El otro escapa de la mirada, siendo siempre una silueta, una figura lejana y poco precisa. El espectador solo escuchará su voz, una vez, en una secuencia en donde el protagonista acuerda con él para verse –conocerse. Pero el momento del encuentro será interrumpido por la policía que detendrá al personaje evasivo. Klein se les quedará viendo, escondido, desde la calle de enfrente. Tampoco en ese plano veremos su rostro.

En la búsqueda del otro Klein, el comerciante irá adentrándose en la vida de su doble. Llegando incluso a reemplazarlo como sospechoso para las autoridades. El marchante es parte de un sector que no ve ningún problema en la ocupación nazi; de aquellos a los que la falta de derechos, el antisemitismo, los crímenes y abusos del poder, no parece importarles, siempre que sus negocios no sean afectados. Es más, las actividades del comerciante de arte encuentran en la ocupación toda una oportunidad para incrementar sus riquezas. (Un tema tratado ya en la obra de Brecht, con quien Losey trabajó en su juventud). Es por ello, que los esfuerzos iniciales del protagonista se encaminan a diferenciarlo, reafirmar su condición, su identidad, o la que él cree que posee. El proceso que la película muestra, enfrenta primero a un Klein con su otro, su “enemigo”, su doble aparentemente opuesto: un judío, comunista –se deja entrever-, un miembro de la resistencia francesa. Pero poco a poco, el asedio de la policía, la incautación de sus bienes, el trato con las personas que conocieron a ese otro Klein, parece cambiarlo. Lo que no va a implicar una transformación de la personalidad. Tampoco es la fusión de dos individuos; es más un efecto de impregnación, causado, quizás, por un acercamiento muy profundo a la vida del otro –en una situación que los emparenta. (La secuencia del pastor alemán que lo sigue como si lo reconociera, como si le resultara familiar, es sintomática al respecto. El mismo perro aparece en una fotografía antigua con el doble).   

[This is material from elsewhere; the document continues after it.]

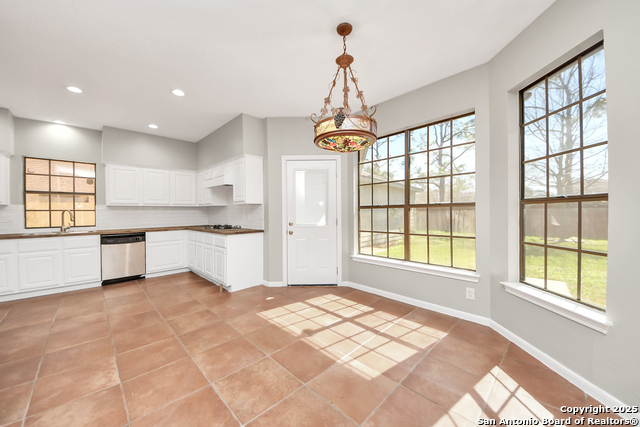 77062 Real Estate Listings Main Image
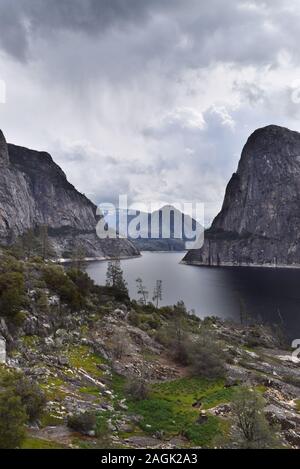 Ansicht der Hetch Hetchy Behälter. Hoch aufragende Granit Berge erinnern Reisenden des Yosemite Valley, die früher stark ähneln. Stockfoto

Esta especie de influencia que ejerce el otro y sus circunstancias sobre Klein, no es tratada por Losey como el dispositivo que permitirá una nueva conciencia. Es el proceso que permite romper con una idea de confort personal que no se ocupa de los demás. Al mismo tiempo relaciona al protagonista con una realidad que le era distante, la de los aparatos de persecución y despojo, colaboracionistas y nazis. Así vemos como Klein ya no puede disfrutar como antes de sus fiestas y diversiones. (Y curiosamente tampoco lo hace su amante). Y la pérdida de sus bienes va alejándolo del mundo en que vivía. Sus propias amistades parecen tener relaciones ambiguas con él, parecen no reconocerlo. Como en el despertar de un sueño, confuso, algo desorientado, Robert Klein perseguirá a todos los que conocieron a esa persona, a ese otro, pero nadie le dirá algo concluyente: ¿Dónde está? ¿Qué hace? Y al final ya no le quedará nada más que esa obsesión por averiguar quién es. Una obsesión que lo llevará a subir al tren que se dirige a los campos de concentración en Alemania, justo en el momento en que su abogado le grita desde el andén que los documentos que confirman su identidad han llegado. Él no lo escucha. Asumido en una nueva identificación, su suerte estará echada.


[1] Joseph Losey: La Crosse Wisconsin, 1909 – Londres, 1984.